(EXERCISE GOAL): Go to the line containing "Frank Wistuba" below; retype it and all following lines exactly, and leave out the pictures.

(RECORD EXTRACTS):

***

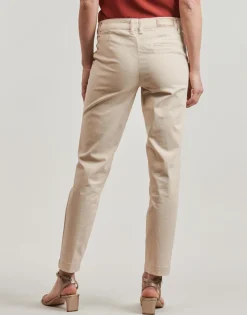 Les Petites Bombes - NAOMIE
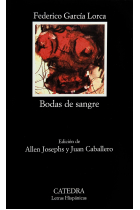 Bodas de sangre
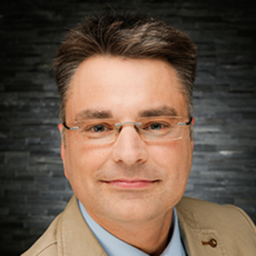 Frank Wistuba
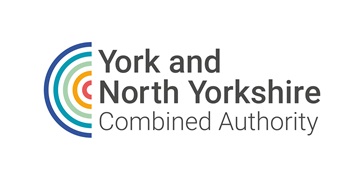 York and North Yorkshire Combined Authority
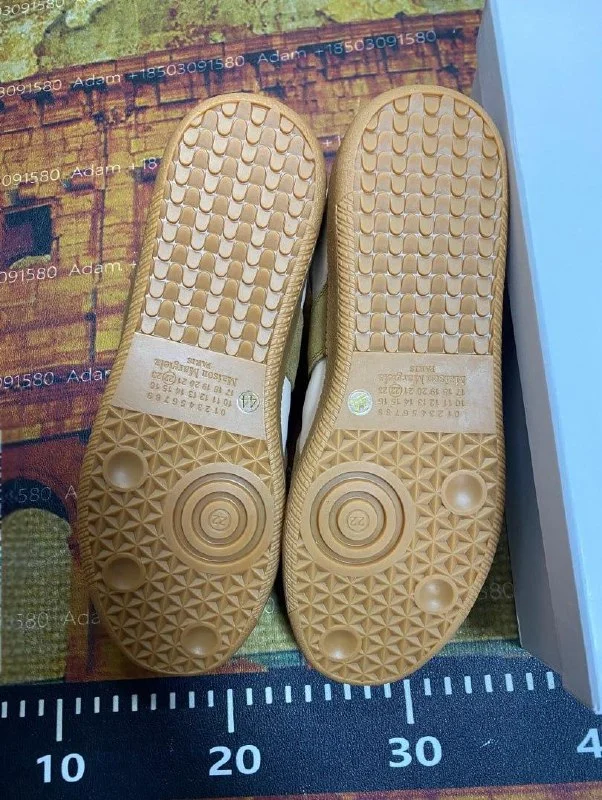 Shoes — Item 5156 5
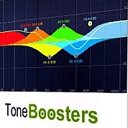 ToneBoosters Plugin Bundle 2.1.4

***

(RESULT):
 Frank Wistuba
 York and North Yorkshire Combined Authority
 Shoes — Item 5156 5
 ToneBoosters Plugin Bundle 2.1.4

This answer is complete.